[TASK GOAL]: Word-for-word transcription: reproduce all of the data, but not the pictures.

[DATASET CONTENT]:
══════
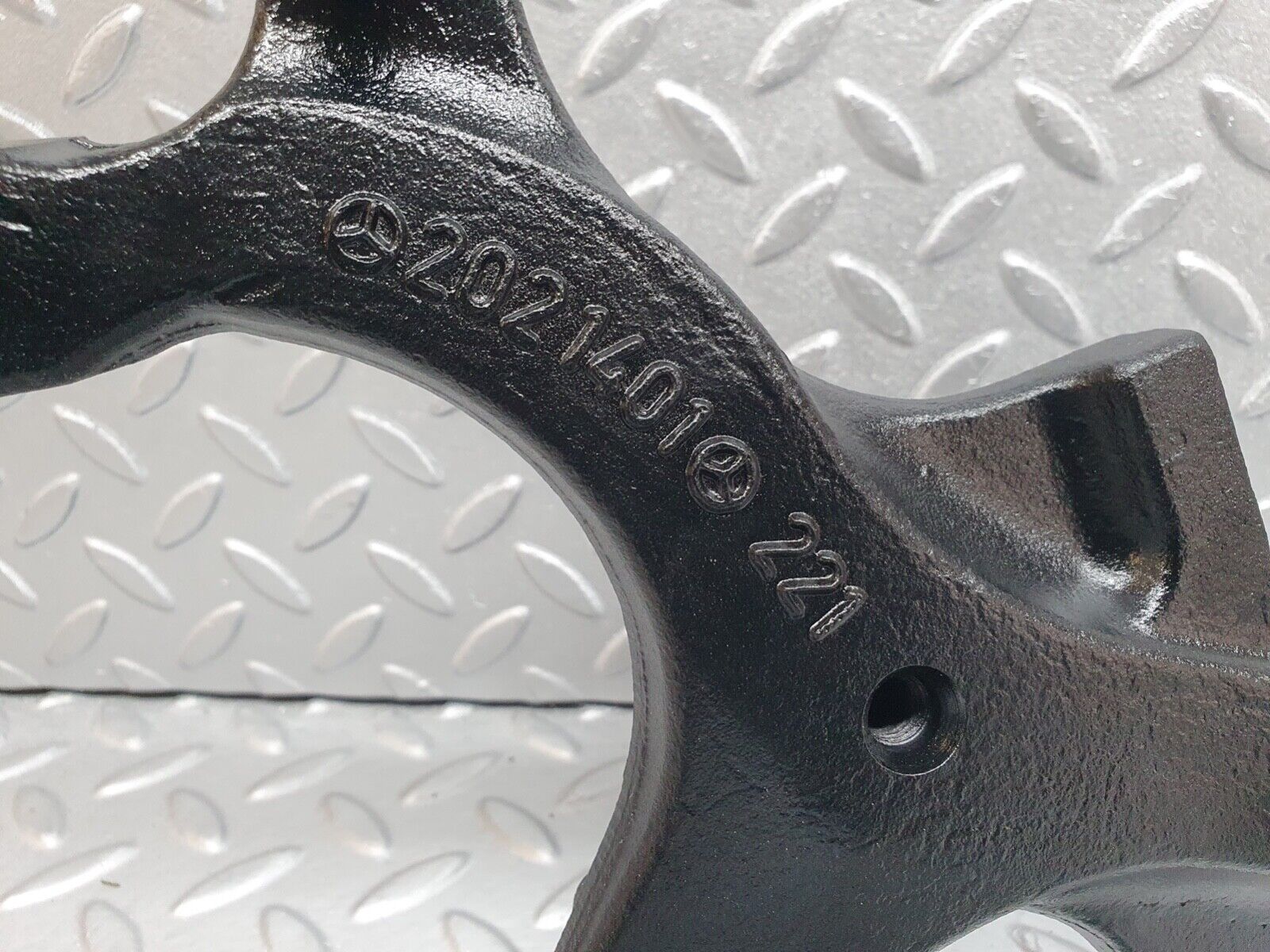 42028 Mercedes-Benz W202 C200 Front Left Steering Knuckle 2021401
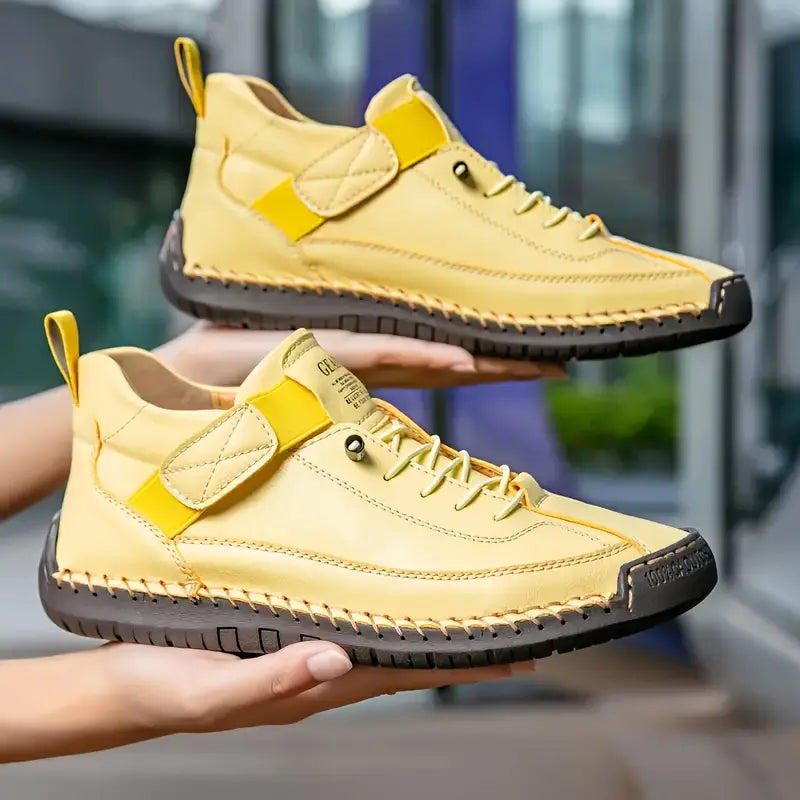 Calzado diario de mujer, zapatillas transpirables con amortiguación y estilo moderno.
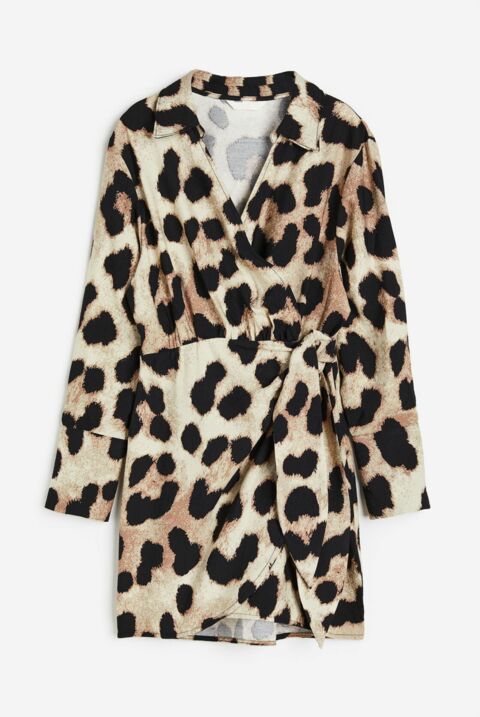 Robe croisée Beige clair/motif léopard, H&M, 24,99 euros.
══════
[WRITTEN SOLUTION]:
 42028 Mercedes-Benz W202 C200 Front Left Steering Knuckle 2021401
 Calzado diario de mujer, zapatillas transpirables con amortiguación y estilo moderno.
 Robe croisée Beige clair/motif léopard, H&M, 24,99 euros.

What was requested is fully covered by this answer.